Indubitavelmente, o desrespeito aos direitos básicos leva ao aumento da desigualdade social e da pobreza. De acordo com o relatório da Unicef (2017), entre os direitos fundamentais, o acesso ao saneamento é o direito mais descumprido. Dessa forma, observa-se que num país marcado pela desigualdade socioeconômica, a falta de cumprimento da lei reforça essa característica. Além de gerar insatisfação popular pelas condições insalubres de moradia, traz à tona os problemas enfrentados pelas famílias em ofertar alimento por causa da renda insuficiente. Por isso, muitas crianças e adolescentes vêm a obrigação de ajudar os pais no sustento familiar e, outros, partem para a criminalidade buscando formas rápidas de renda, mostrando o resultado de uma sociedade desassistida.
Outrossim, a falta de assistência das esferas públicas na asseguração dos direitos fomenta a criminalidade. O corte orçamentário em políticas públicas e programas sociais juntamente com a falta de atenção ao ECA contribui para o aumento da criminalidade infanto-juvenil.
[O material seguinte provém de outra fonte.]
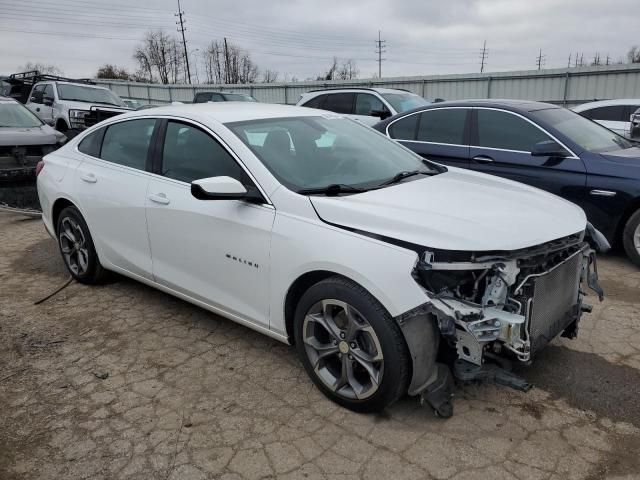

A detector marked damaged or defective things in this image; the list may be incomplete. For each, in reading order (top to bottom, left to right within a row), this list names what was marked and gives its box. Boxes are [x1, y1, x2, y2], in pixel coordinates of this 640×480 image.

detached headlight area [69, 109, 90, 129]
cracked concrete pavement [1, 212, 640, 478]
damaged front end [400, 227, 604, 418]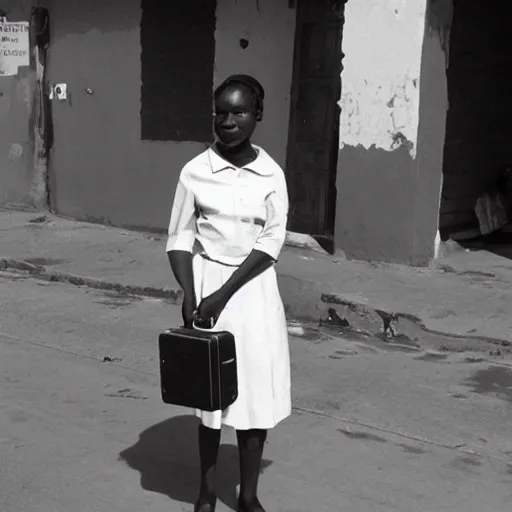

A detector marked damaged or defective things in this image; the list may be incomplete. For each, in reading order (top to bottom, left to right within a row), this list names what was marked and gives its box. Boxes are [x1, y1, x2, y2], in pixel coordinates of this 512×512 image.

peeling paint on wall [340, 0, 428, 158]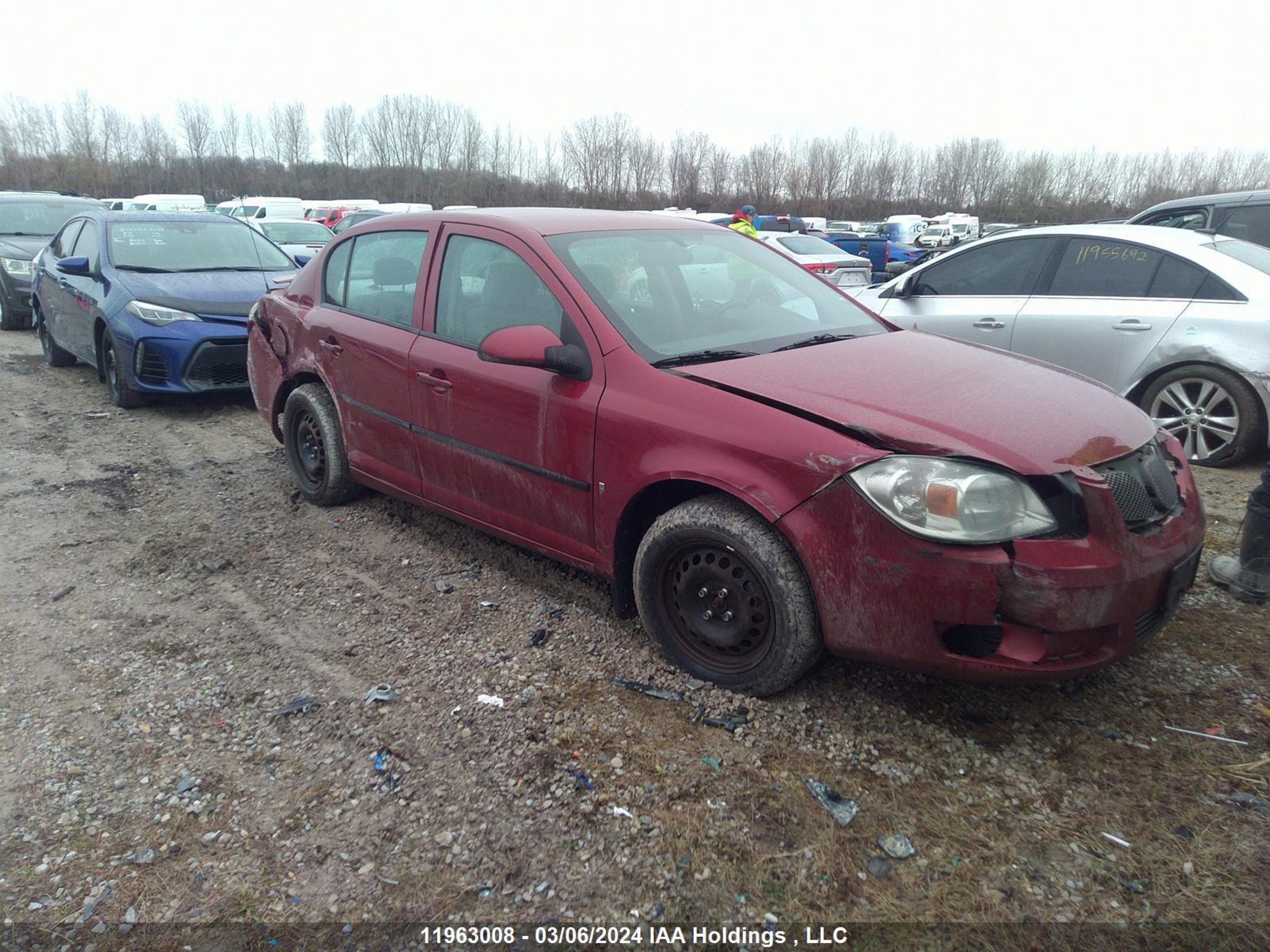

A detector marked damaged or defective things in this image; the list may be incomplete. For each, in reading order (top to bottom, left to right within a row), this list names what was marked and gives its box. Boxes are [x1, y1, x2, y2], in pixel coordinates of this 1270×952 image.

damaged red sedan [246, 213, 1200, 695]
front end damage [778, 435, 1206, 679]
cracked front bumper [778, 447, 1206, 685]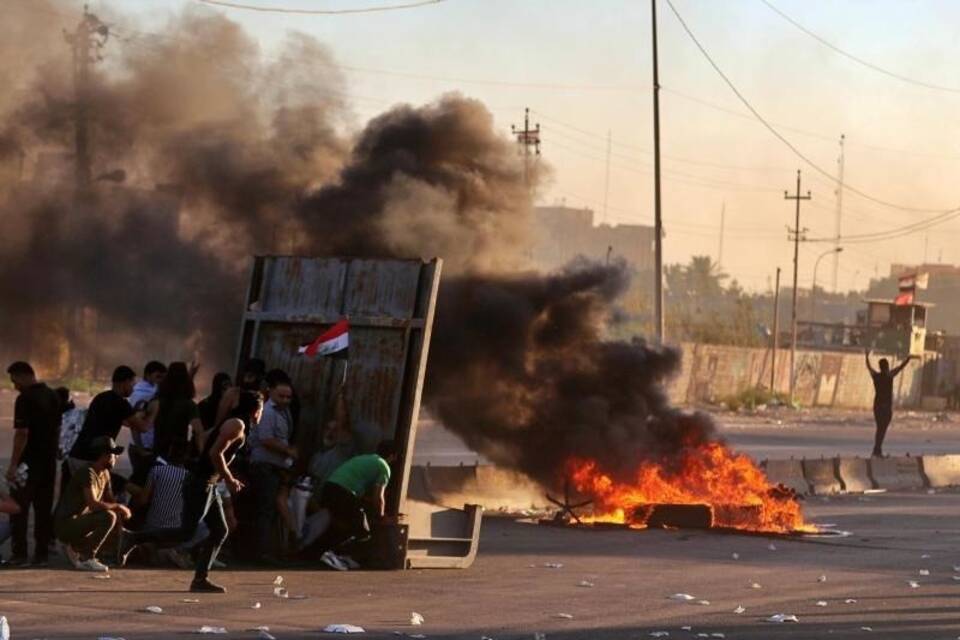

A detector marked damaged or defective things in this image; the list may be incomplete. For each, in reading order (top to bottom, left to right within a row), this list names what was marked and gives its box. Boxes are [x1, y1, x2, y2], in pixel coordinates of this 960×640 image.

rusty metal panel [234, 255, 444, 516]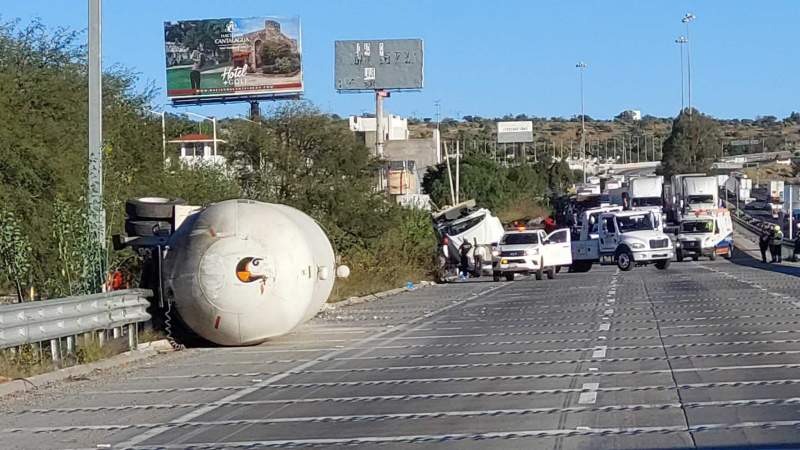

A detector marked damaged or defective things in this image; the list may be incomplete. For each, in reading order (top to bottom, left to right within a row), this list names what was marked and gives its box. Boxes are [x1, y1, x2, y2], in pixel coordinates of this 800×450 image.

detached tire [125, 198, 184, 221]
detached tire [125, 220, 172, 237]
detached tire [616, 248, 636, 272]
overturned tanker truck [116, 199, 350, 346]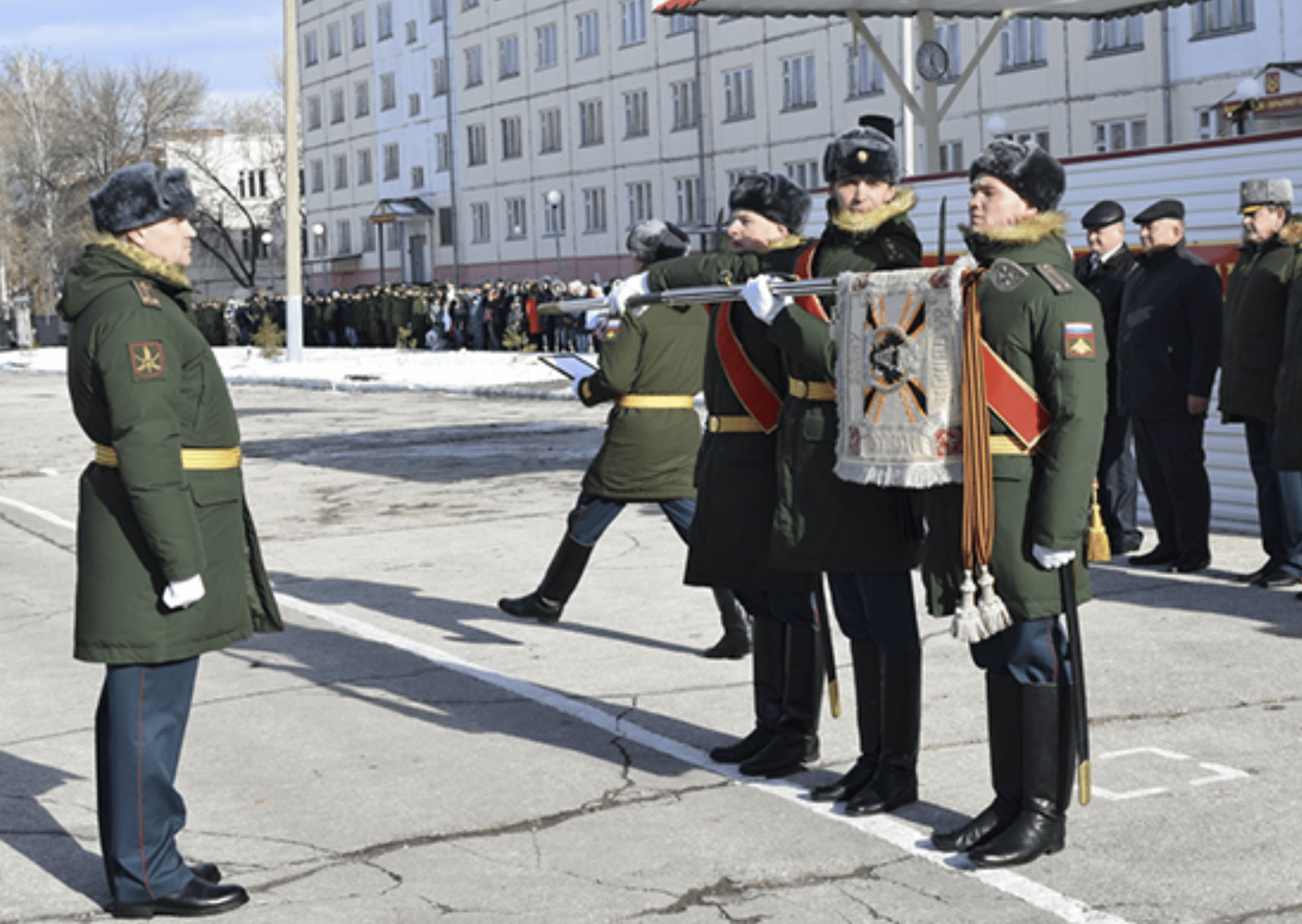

De acordo com o Conselho Nacional de Justiça, mais de 180 mil adolescentes estão cumprindo medidas socioeducativas. Esse número impulsiona as discussões a respeito da redução da maioridade penal. Apesar de buscar ensinar aos adolescentes os limites da lei, na prática isso não ocorre, pois amplia a insatisfação com a sociedade e impulsiona o jovem a adentrar no mundo do crime. Dessa forma, é necessário o cuidado com a juventude e ações preventivas que permitam direcionar o jovem a conquistar espaço na sociedade.
Portanto, fica evidente a dificuldade que o Brasil possui em garantir os direitos da criança e do adolescente. Por isso, é necessário que o governo federal ponha em prática a legislação existente em parceria com as escolas, as quais devem promover ações que busquem a reflexão dos alunos sobre os direitos e responsabilidades para o exercício da cidadania. Além disso, deve incentivar oficinas, debates e cartilhas que abordem sobre os direitos fundamentais da criança e do adolescente com a participação de conselheiros tutelares e psicólogos, a fim de que vejam que é possível a inclusão social e a garantia de oportunidades na juventude. Dessa maneira, busca-se avançar na defesa de direitos infanto-juvenis.